Qui pourrait expliquer pourquoi Bienvenue chez les Ch’tis de Dany Boon a séduit plus de 20 millions de Français?

Aurions-nous trop entendu parler de ce deuxième long métrage de Dany Boon (La Maison du bonheur)? Toujours est-il que devant le charme, certes indéniable, de l’ensemble, notre coeur de cinéphile n’a pas vibré autant qu’il l’aurait souhaité. Et pourtant, quelques moments irrésistibles et mémorables, dont la courte mais impayable scène où Michel Galabru énumère les horreurs du Nord et chaque apparition de la divine Line Renaud en mère castratrice, viennent ponctuer Bienvenue chez les Ch’tis. Cependant, ce n’est pas ces brefs moments de pur bonheur qui font du colossal succès du cinéma français un film abouti et de Boon, toujours aussi craquant dans le rôle d’un grand naïf au coeur d’or, un réalisateur accompli.

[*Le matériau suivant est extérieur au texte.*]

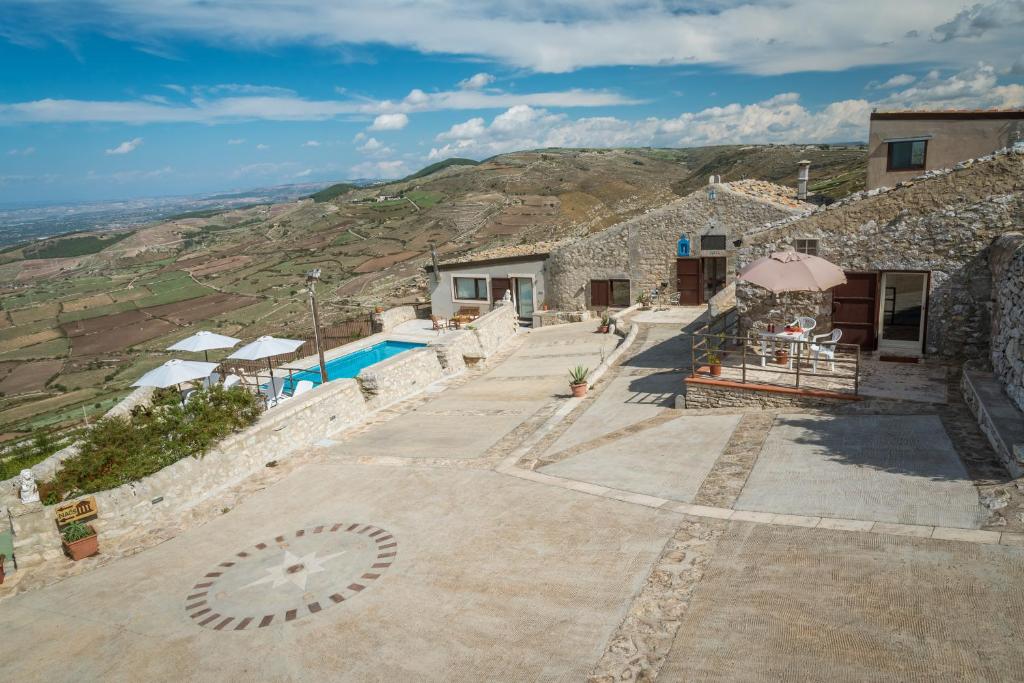 a villa with a pool on top of a mountain at Casa Vacanze al Conservatore in Ragusa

Ainsi, Bienvenue chez les Ch’tis, dont Boon a pondu le scénario en collaboration avec Franck Magnier et Alexandre Charlot, deux des coscénaristes d’Astérix aux Jeux Olympiques (sans commentaire…), se rapproche davantage d’un épisode pilote d’une sitcom populaire gonflée pour le grand écran que d’une oeuvre cinématographique. Est-ce une bonne raison de bouder son plaisir? Que nenni!

Une fois le choc culturel passé et le patois assimilé – on aura droit à une laborieuse leçon de ch’ti afin d’y arriver -, force est d’admettre que le tandem que forment Kad Merad, pauvre sudiste envoyé à Nord-Pas-de-Calais pour avoir tenté d’obtenir une promotion sur la Côte d’Azur afin de plaire à sa femme dépressive (Zoé Félix), et Dany Boon, employé des postes vivant chez sa mère (Renaud) qui en pince pour une jolie postière (Anne Marivin), fonctionne à merveille. On pourrait même dire que tout le film repose essentiellement sur la chimie opérant entre les deux acteurs-humoristes.

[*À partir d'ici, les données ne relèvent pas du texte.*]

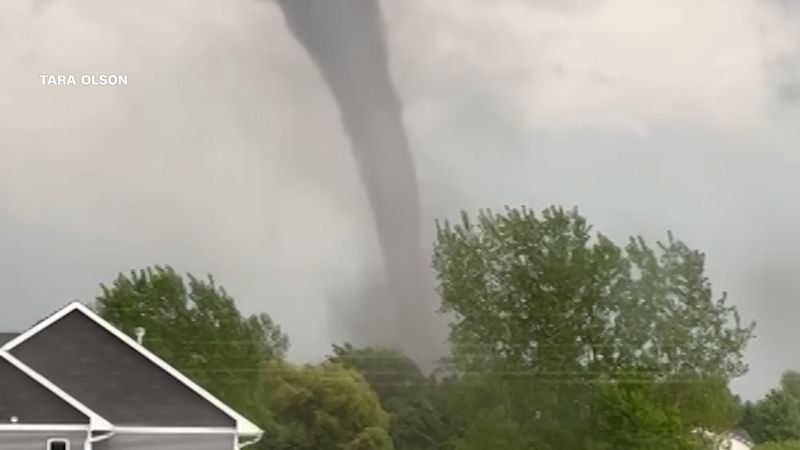 ‘Yep, time for me to go inside’: Tornado sirens wail in Wisconsin | CNN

De fait, avec son intrigue plutôt ténue prétexte à vanter les charmes du nord de la France – merci pour les pittoresques cartes postales -, Bienvenue chez les Ch’tis se présente en une suite de saynètes, par moments reliées assez mollement ou sans grande idée de mise en scène, où l’on se plaît à se moquer avec gentillesse, voire de façon inoffensive, des différences culturelles entre le nord et le sud. Malgré tout, le séjour en terre ch’ti nous aura paru sympa et rigolo et les personnages, des plus attachants.